"In this face of Cenci there is more than I have ever seen in any other human face."
- J.W. Goethe
"The face is smooth and beautiful, the gaze incredibly sweer and the eyes very large: they have the shocked air of a person caught by surprise in the moment they are shedding hot tears."
In an unremarkable room in one of Rome’s most overlooked museums hangs a small painting, scarcely more than two feet tall; from its present setting, most viewers who chance across this unassuming portrait would never guess that they are gazing upon what was once one of the most famous faces in Italian art. Like the more enduringly popular Mona Lisa, our portrait depicts a young woman enigmatically eyeballing the viewer. And, just as Leonardo’s image is today instantly recognizable, two hundred years ago it too possessed the mysterious power of an icon.
The subject of this painting, now virtually forgotten by the general public, was (or so it has been claimed for many centuries) a figure associated with the purest innocence and the most depraved cruelty, whose sensational trial and controversial execution inspired first public outcry and then reams of Romantic poetry: this was the tragically beautiful - and beautifully tragic - Beatrice Cenci.

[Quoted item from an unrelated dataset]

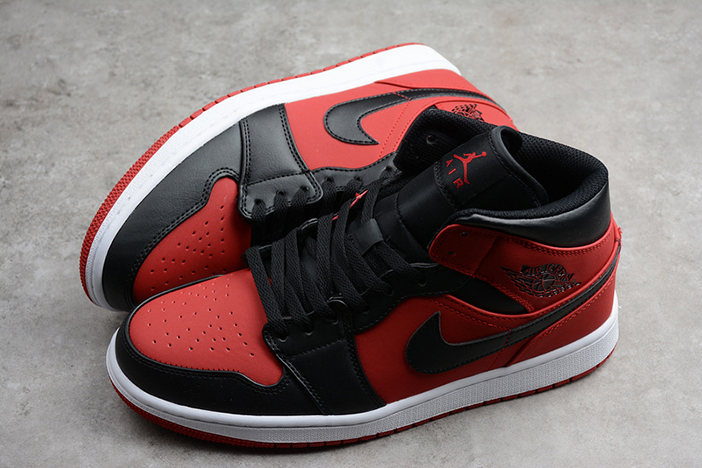 Air Jordan 1 Mid Gym Red Black 554724-610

Beatrice’s fate - now more legend than history - is part legal drama and part horror story. It involves sexual violence, justifiable vengeance and alleged incest within one of the leading families of Rome. Its cast of characters includes hired henchmen, wealthy noblemen and even the Pope. At the centre of everything is the beguiling figure (femme fatale or innocent victim?) of Beatrice herself. Her imprisonment and conviction attracted such wild attention that she has been called the O.J. Simpson of the Renaissance, but few modern equivalents can match the obscene details of her sordid tale.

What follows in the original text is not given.